Selbstverständlich bedeutet Adornos Auffassung nicht, dass die Soziologie sich nicht auch mit dem einzelnen Menschen beschäftigt, doch unter den vorherrschenden gesellschaftlichen Bedingungen eben primär derart, dass die Menschen als von jenen Verhältnissen wesentlich geprägte aufgefasst werden. Diese Prägungen wären bis in deren innersten Regungen der Menschen hinein zu verfolgen. So gesehen müsste - überspitzt gesagt - noch die Psychologie als Soziologie betrieben werden, und in dieser Weise spricht die Soziologin Iva Sedlak bei ihrer Form der Beratung von Menschen, die mit psychischen Problemen konfrontiert sind, nicht von Psychotherapie oder Psychoanalyse, sondern von "Sozialanalyse": Das Seelische ist das Gesellschaftliche.

Die Differenz zwischen Gehlen und Adorno zeigt sich analog beim Begriff der Technik. Adorno weist darauf hin, dass die Technik als verlängerter Arm des Menschen wie eben der Mensch selbst unter den gegenwärtigen Bedingungen als von den gesellschaftlichen Verhältnissen bedingt zu betrachten seien, dass aber Begriffe wie der von Gehlen ins Gespräch eingeführte der "Industriekultur" genau dieses verschleiern, indem darin die Industrie oder die Technik als das Wesentliche gleichsam vorgeschoben wird. Parallel zum "Es kommt alles auf den Menschen an" wird dann entsprechend auch gesagt: "Es hängt alles an der Technik". Das Problem des vor die Verhältnisse der gesellschaftlichen Produktion gezogenen "technischen Schleiers" (Adorno, S. 237) liesse sich analog bei Begriffen wie "Industriegesellschaft", "Atomzeitalter", "Erdölzeitalter" et cetera zeigen.
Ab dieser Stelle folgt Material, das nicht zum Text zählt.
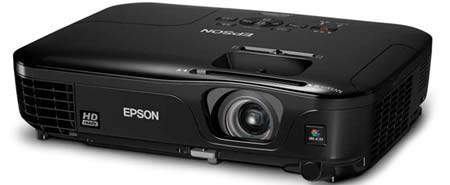 Epson предлагает доступный проектор EH-TX400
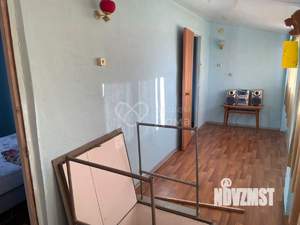 Дом 60м², 2-этажный, участок 6 сот.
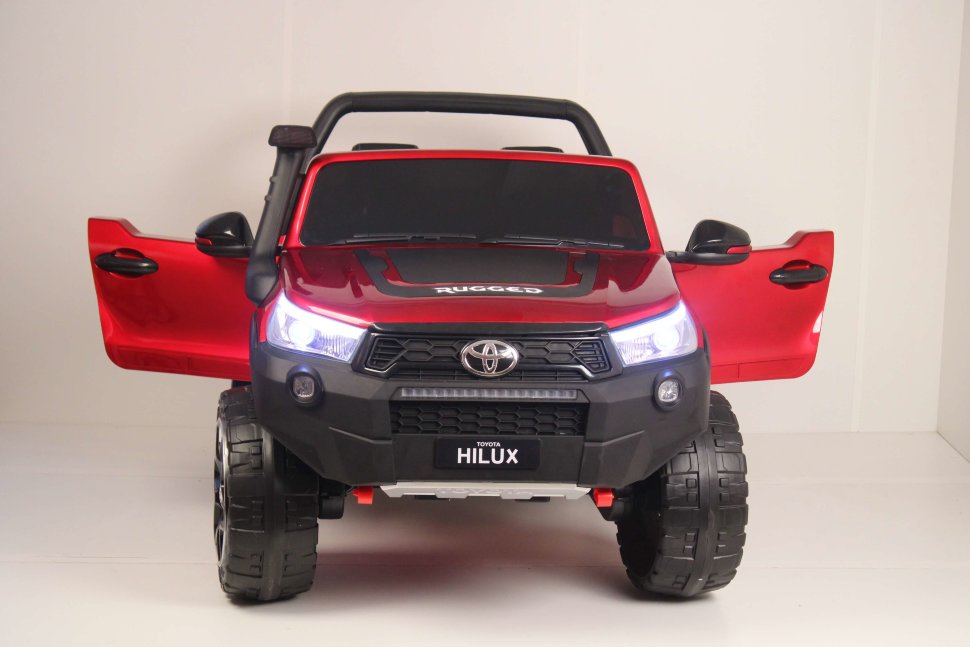 Детский электромобиль RiverToys DK-HL850 Toyota Hilux (вишневый глянец) автокраска лицензия полнопривод двухместная - фото6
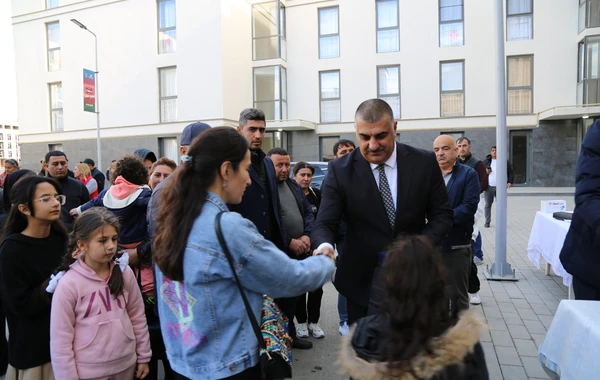 Füzuliyə köçən ailələrə mənzillərinin açarları təqdim edildi - FOTO - YENİLƏNİB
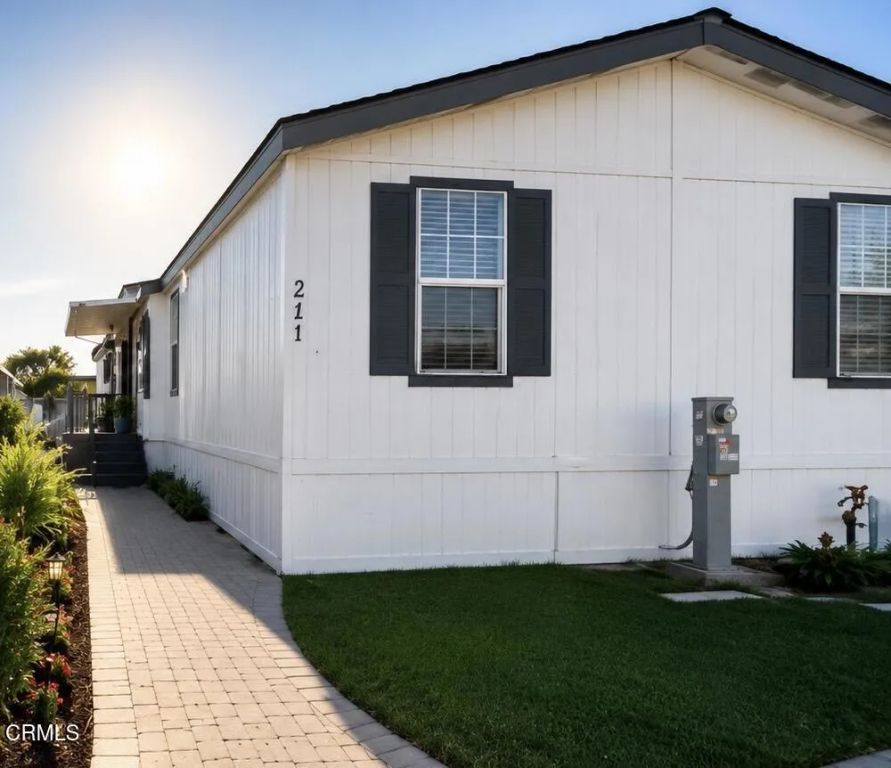211 Calle de La Rosa 211, Camarillo, CA 93012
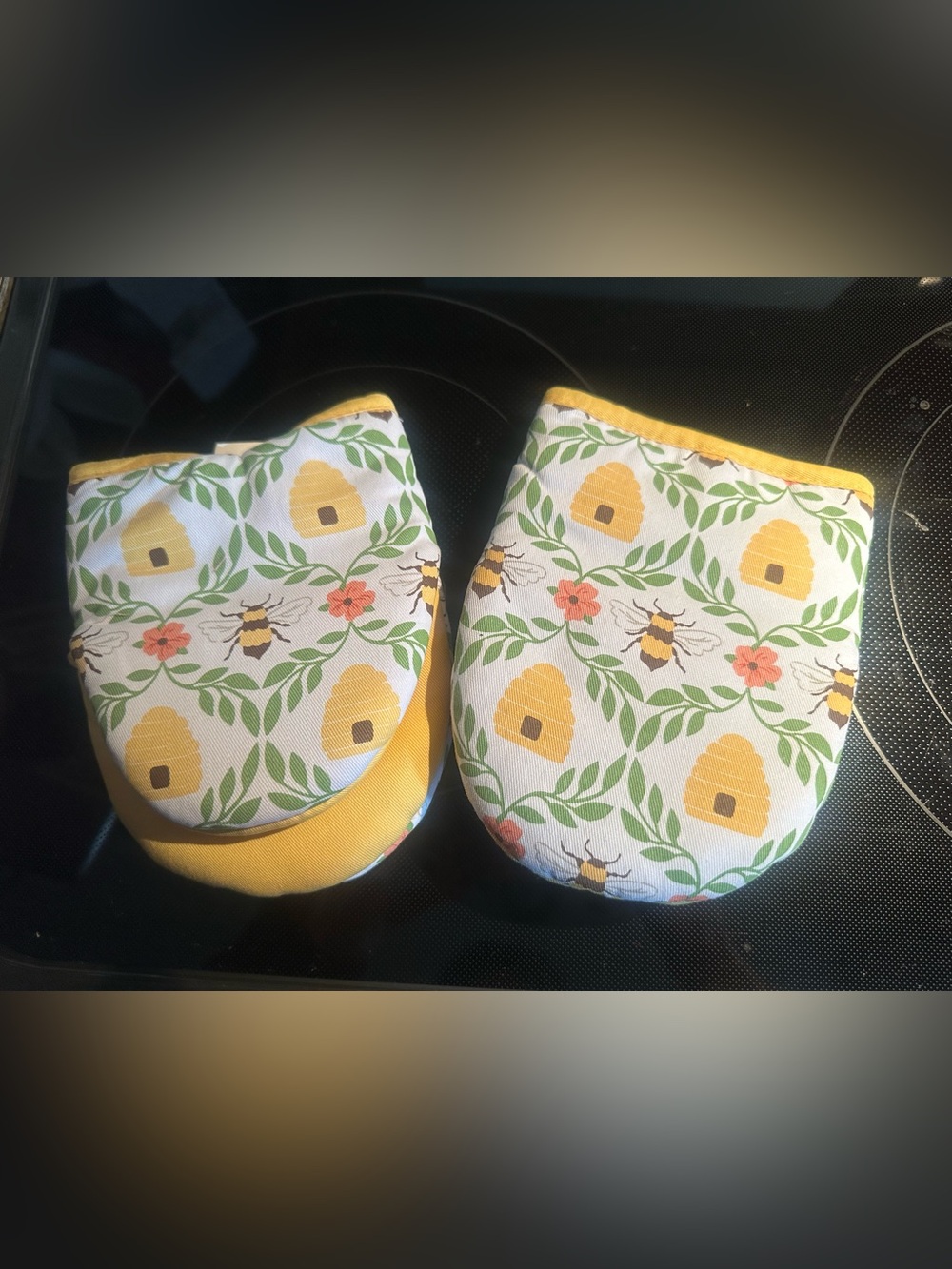 Honeybee Kitchen Bundle New with Spoon Holder & Rest/Cutting Board/Mitts/Holders - Picture 4 of 8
So sehr die Technik in den gesellschaftlichen Verhältnissen gründet und nicht umgekehrt, ist zu sagen, "dass die Kritik der Gesellschaft das ist, auf das es vielmehr ankommt, als etwa auf eine Kritik der Technik als Technik" (Adorno, S. 237). Das schliesst letzteres nicht aus (die Nutzung der Atomkraft ist beispielsweise immer auch als Technik zu kritisieren), doch wären immer primär und erst recht im Fall der Atomkraft die Verhältnisse, worin die Technik zur Anwendung kommt, zu kritisieren.

Adorno charakterisiert die Verhältnisse der gesellschaftlichen Produktion mit dem Begriff des universalen Tauschprinzips. Wo Gehlen vermeint, es komme zu einer Verunsicherung der Menschen infolge des technischen Fortschritts - Gehlen spricht hierbei von "Entformung" - und er umso mehr nach entlastenden Institutionen verlangt (Gehlen: "Da bin ich doch dafür, das man das, was an Institutionen da ist, nun auch - jetzt nehme ich das Wort -: konserviert." (Gehlen, S. 247)), sieht Adorno das universale Tauschprinzip am Werk, wodurch die Bedürfnisse der Menschen nivelliert oder eingeebnet werden. Gemäss Adorno sind es gerade die Institutionen als Vermittlungsinstanzen des Tauschprinzips, welche die Menschen im Gleichen im Würgegriff und in Scheinsicherheit halten. Er spricht dabei dann auch - in Anlehnung an die Psychoanalyse - von der "Identifizierung mit dem Angreifer". Die Menschen kommen nicht zum Eigenen und fürchten sich gleichzeitig wie wahnsinnig vor dem Rausfallen, sei es infolge einer Katastrophe oder des innergesellschaftlichen Überflüssiggemachtwerdens. Umso mehr krallen sie sich an die Institutionen, an die damit verbundenen Techniken und daran, dass der Mensch halt so sei und man nichts machen könne.